Meanwhile the hygiene services arm, which accounts for 22% of sales and 23% of operating profit, is a slower-growth but equally high-margin business. Again targeted acquisitions are propelling growth with two big deals announced in the last year, CWS in Italy and Cannon in the UK.
WHERE DOES THE REST OF ITS MONEY COME FROM?
The remaining 15% of sales and 9% of operating profit come from watering office plants, supplying work-wear and treating dry rot, collectively titled Protect & Enhance. While these businesses benefit from the group’s global footprint, they are non-core and some assets have already been sold or put into joint ventures.
The UK property-care business, which treats dry rot and woodworm, has been struggling for the past year as the housing market has slowed and revenues are just 1% of the group total (£11m out of £1.2bn in the first half).
With little sign of an upturn we wouldn’t be surprised if Rentokil sold this unit to a more natural owner like Homeserve (HSV) and re-invested in its higher-margin core businesses, as it has with Cannon Hygiene and more recently with the purchase of Mitie’s (MTO) pest-control business.
ACQUISITIONS ARE KEY TO EXPANSION PLANS
Acquisitions are an important part of Rentokil’s growth strategy. Both pest control and hygiene are fragmented markets with hundreds of small competitors ripe for consolidating into Rentokil’s trusted-supplier model, and the company is often the ‘buyer of choice’ for smaller firms.

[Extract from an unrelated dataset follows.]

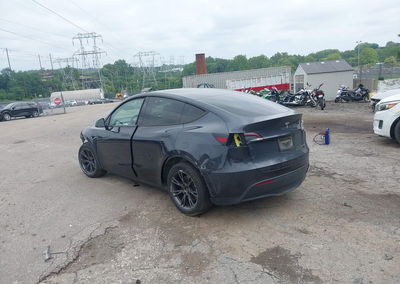 2024 Tesla Model Y Long Range Dual Motor All-wheel Drive, пошкодження: Front & Rear, Iaai лот 45895555, фото 3 з 22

By increasing scale and density, particularly in urban areas and emerging markets, the company can better leverage the benefits of scale.
Another part of the growth strategy is investment in innovation, both in terms of products and technology. A third of new orders in its pest control arm are for new products and the relatively new online portal MyRentokil has been a big hit with around 80% of customers using it to monitor their products and pest activity.

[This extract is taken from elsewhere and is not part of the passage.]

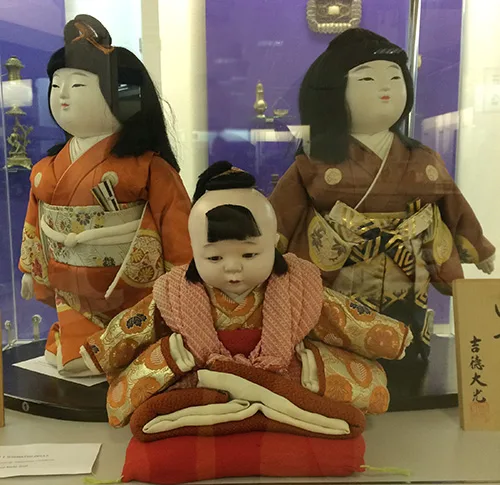 Japanese dolls wearing traditional clothing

Unusual as it may sound, bed bugs are another growth opportunity. The potential market for a successful ‘smart’ solution is huge as there are 17m hotel rooms across the globe and traditional tools for treating the problem are very hit-and-miss. One US hotel chain is already piloting Rentokil’s bed-bug monitoring scheme across 1,000 of its rooms.
INVESTORS WARMING TO THE SHARES AGAIN
Investors have given Rentokil something of a cold shoulder in recent months but we note that the shares jumped last week on the news of the Mitie deal while those of Mitie dropped, which suggests that investors are warming to Rentokil’s growth story again.

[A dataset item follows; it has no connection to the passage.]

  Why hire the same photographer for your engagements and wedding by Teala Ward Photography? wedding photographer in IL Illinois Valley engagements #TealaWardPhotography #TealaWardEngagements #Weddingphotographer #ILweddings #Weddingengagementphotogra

Analysts are more positive than negative with eight ‘buy’, four ‘hold’ and just two ‘sell’ ratings but they haven’t pushed the boat out with their price targets as the 12-month consensus is just 14% above the current share price at 370p.
Sales and earnings estimates for this year and next year have been creeping up slowly over the summer but again analysts aren’t overly bullish so it looks as though there is room for more earnings upgrades.